At Isabel Vander Stoep / [email protected]
When Mineral Lake lit up green in the Saturday morning sun, people strolled around the lakeside Lions Den Campground with coffee mugs in their hands and smiles on their faces.
A man approached camp manager Tina Moore to say he just got the best sleep at Lions Den Campground of his life — he’s been there for 40 years.
Thanks to “hundreds of hours of work,” according to Lions Club vice president Stephen Meyer, camp has received major upgrades over the past few months. More than a dozen volunteers joined in the process. Upgrades were made for both aesthetic and safety purposes, such as repairing the sidewalks, cleaning up trash from the lake, adding new gravel and mulch to the ground, and installing a sign near the entrance with information on the history of the minerals.
Volunteers are also continuing with plans to add flowerbeds and other park-like features.
With the onset of the hunting season, the campsites were bustling with happy families on Saturday.

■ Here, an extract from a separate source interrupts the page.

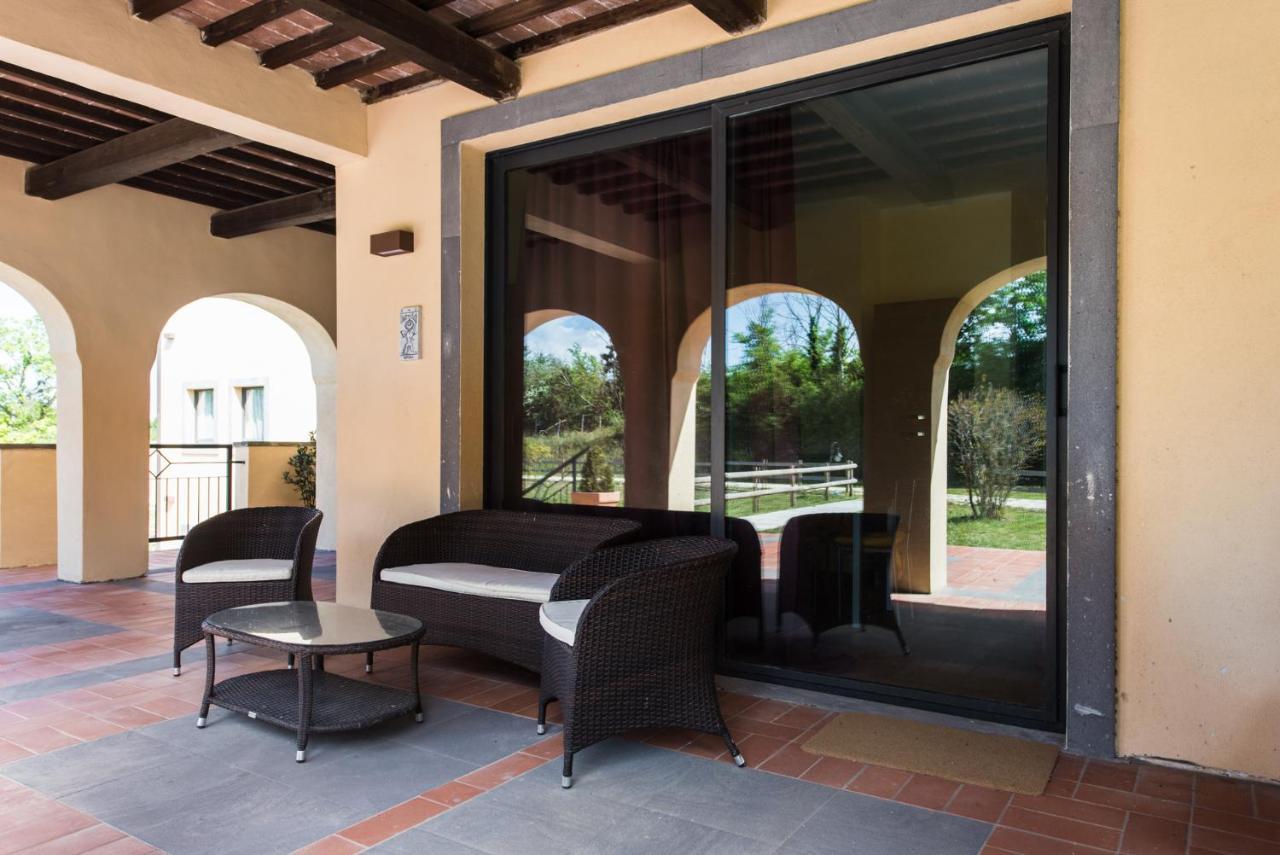 Ferienwohnung Residenze Pianetti Manciano Exterior foto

The camp will now remain open until the beginning of December.
For decades now, the campground, which borders picturesque Lake Minerale, has occupied the same two campsites year after year rather than opening it up for reservation. Now, thanks to the efforts of the Lions Club, Lions Den has an online reservation system where campers can choose their locations on a map. Locations start at $35 per night with an occupancy of six. Lakefront sites, sites with electricity and water, and RV/trailer sites cost more.
Mayer recommended having a few campsites for a family reunion or similar event.
Before the promotions, Moore said people sold campgrounds for thousands of dollars even though the property was not theirs to sell.
In their efforts to reform the space, members of the Lions Club have seen some opposition from these people, especially on social media.
But the goal is: to make the city better. It is a non-profit organization. We can help the city more. All this for the benefit of everyone. “Companies here are winning,” Moore said.
The area will now also be able to host events for local children and those staying at the campground. During the Easter holidays, they host an Easter egg hunt.
“It feels great. Can we do more? Sure, we’re trying and it’s going to keep building, but the amount of time and work that’s been put into this — it’s been ‘strain, strain, push, push’,” Meyer said. It happens to this city, to this camp and to our club. It really is. All of this money is donated. There is a donor council. We don’t get paid to do this; It all goes to the community. We bought fire trucks. We put roofs in the fire station. We put docks here. We donate to the food bank. That’s what this applies to.”